→ Exercise data:
____

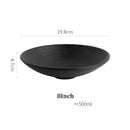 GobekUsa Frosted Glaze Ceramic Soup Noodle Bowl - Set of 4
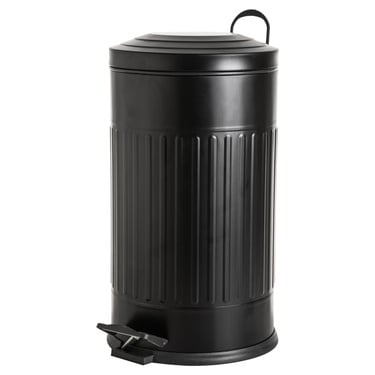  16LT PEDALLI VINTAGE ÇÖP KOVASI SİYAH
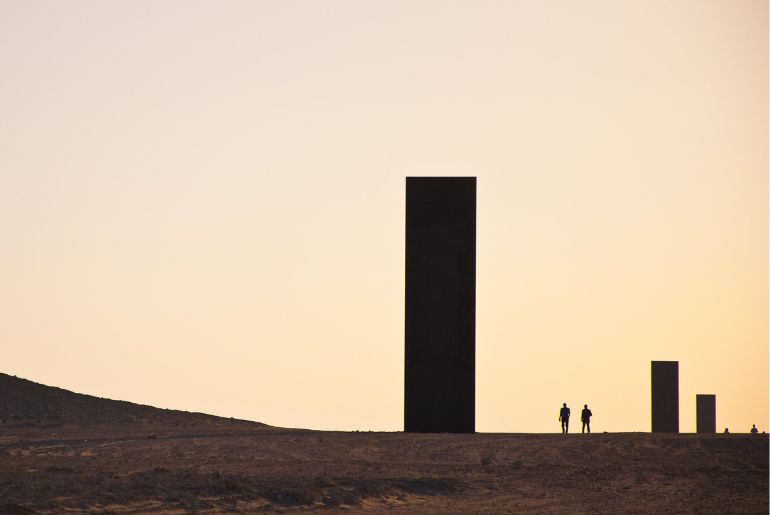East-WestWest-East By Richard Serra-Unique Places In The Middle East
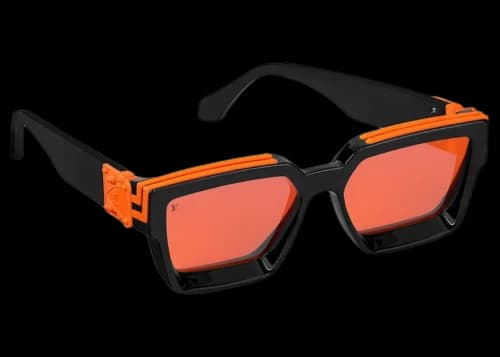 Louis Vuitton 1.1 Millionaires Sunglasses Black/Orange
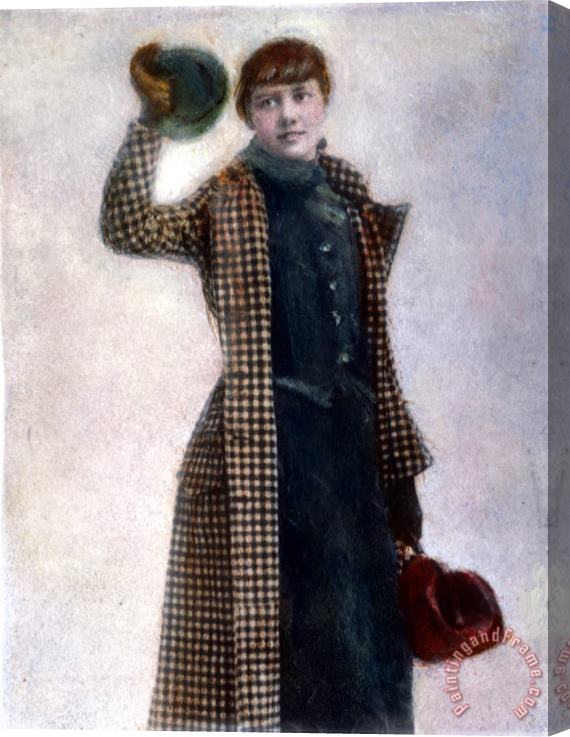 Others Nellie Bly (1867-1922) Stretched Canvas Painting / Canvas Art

____

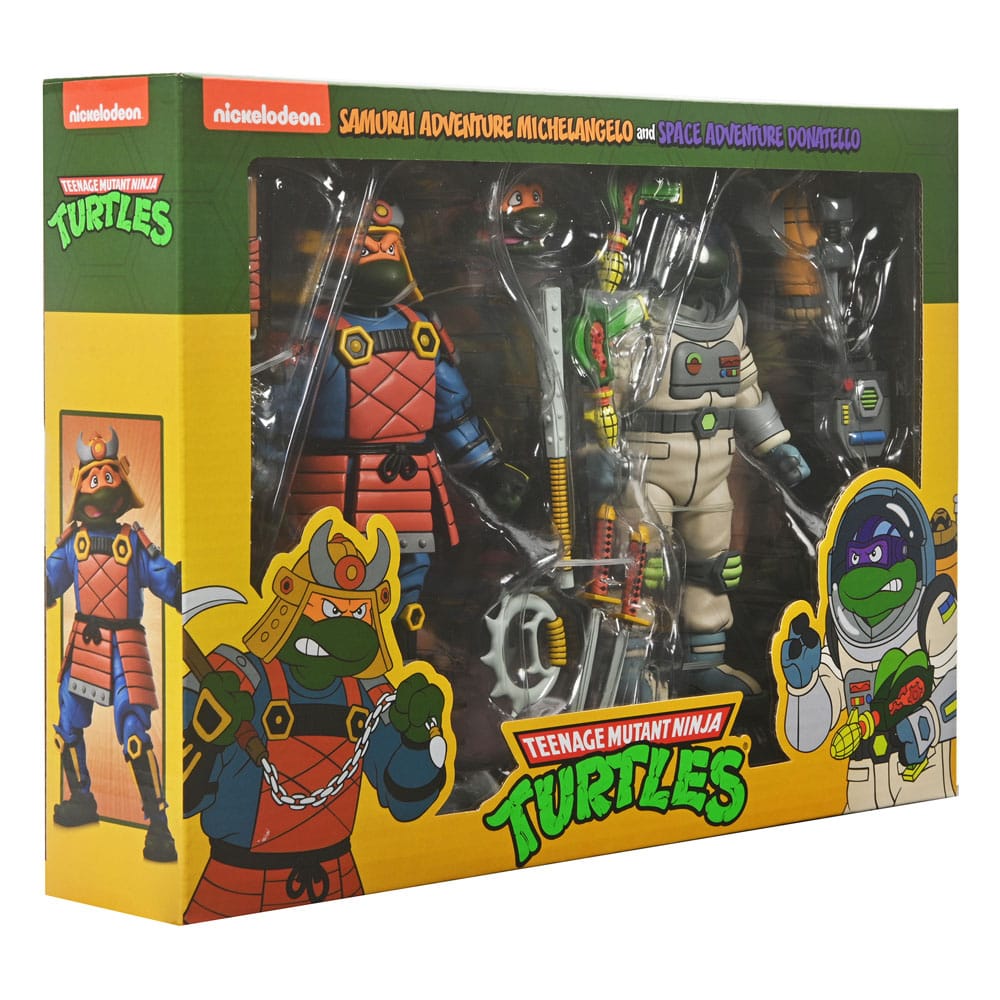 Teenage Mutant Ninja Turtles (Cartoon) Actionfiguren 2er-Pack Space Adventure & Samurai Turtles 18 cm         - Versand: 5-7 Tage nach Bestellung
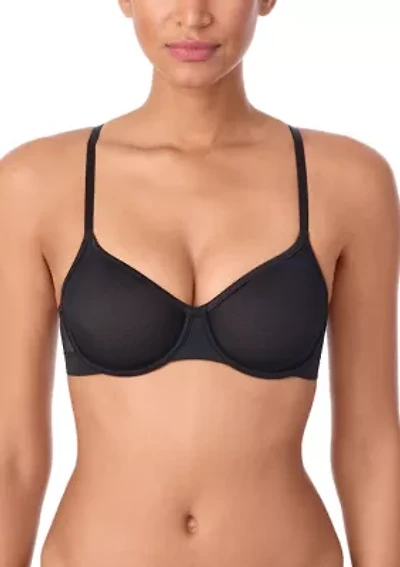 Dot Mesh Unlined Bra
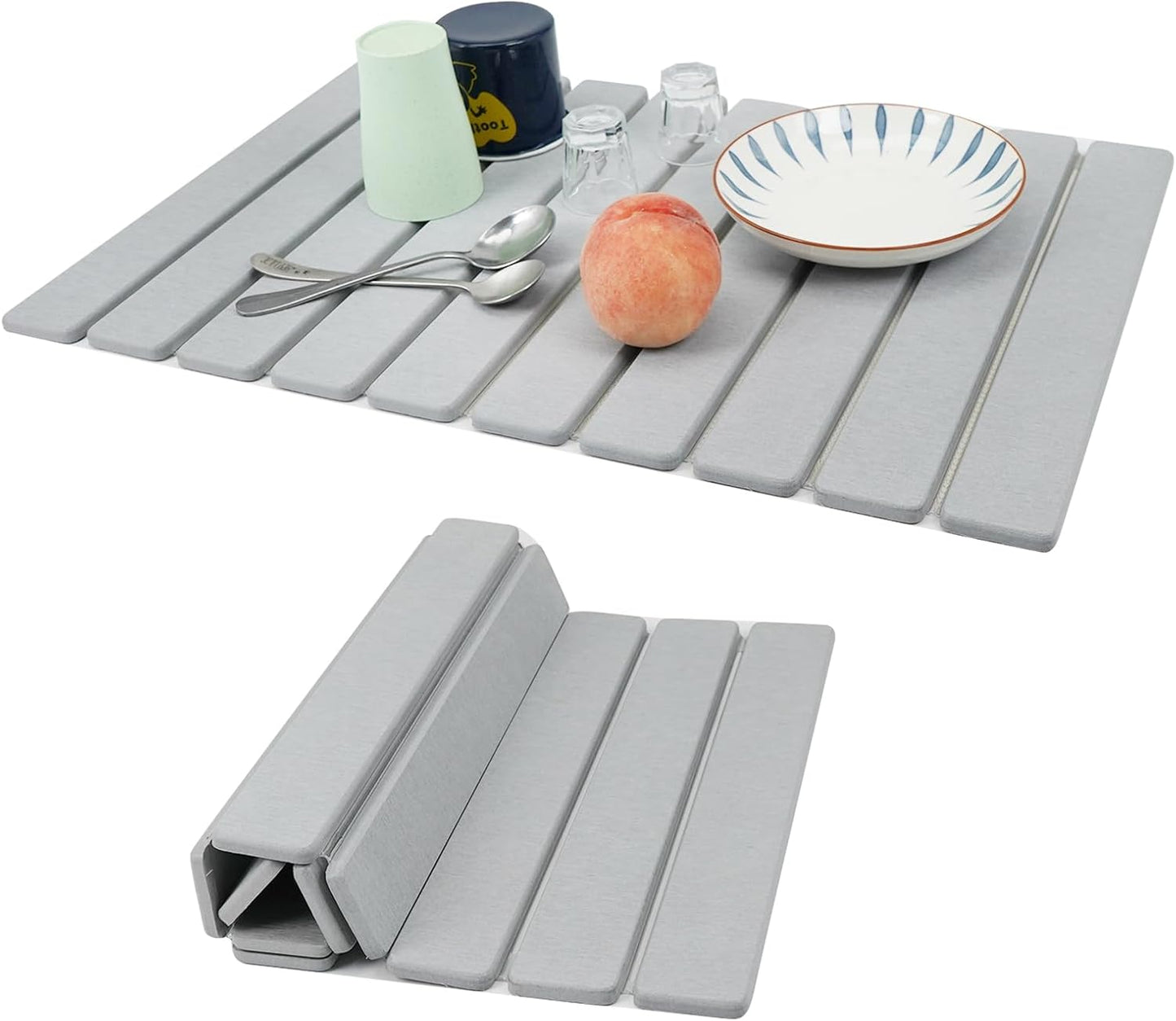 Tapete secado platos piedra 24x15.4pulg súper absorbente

____

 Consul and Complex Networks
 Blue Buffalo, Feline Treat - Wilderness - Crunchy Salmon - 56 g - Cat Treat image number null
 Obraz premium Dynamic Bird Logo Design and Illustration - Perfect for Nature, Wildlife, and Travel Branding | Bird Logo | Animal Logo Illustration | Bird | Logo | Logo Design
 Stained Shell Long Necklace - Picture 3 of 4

____

→ The task:
Only the lines of the listing above from the one with "GobekUsa Frosted Glaze" through the one with "Others Nellie Bly" should be output, exactly, with both ends kept and pictures left out.

→ Answer section:
 GobekUsa Frosted Glaze Ceramic Soup Noodle Bowl - Set of 4
  16LT PEDALLI VINTAGE ÇÖP KOVASI SİYAH
East-WestWest-East By Richard Serra-Unique Places In The Middle East
 Louis Vuitton 1.1 Millionaires Sunglasses Black/Orange
 Others Nellie Bly (1867-1922) Stretched Canvas Painting / Canvas Art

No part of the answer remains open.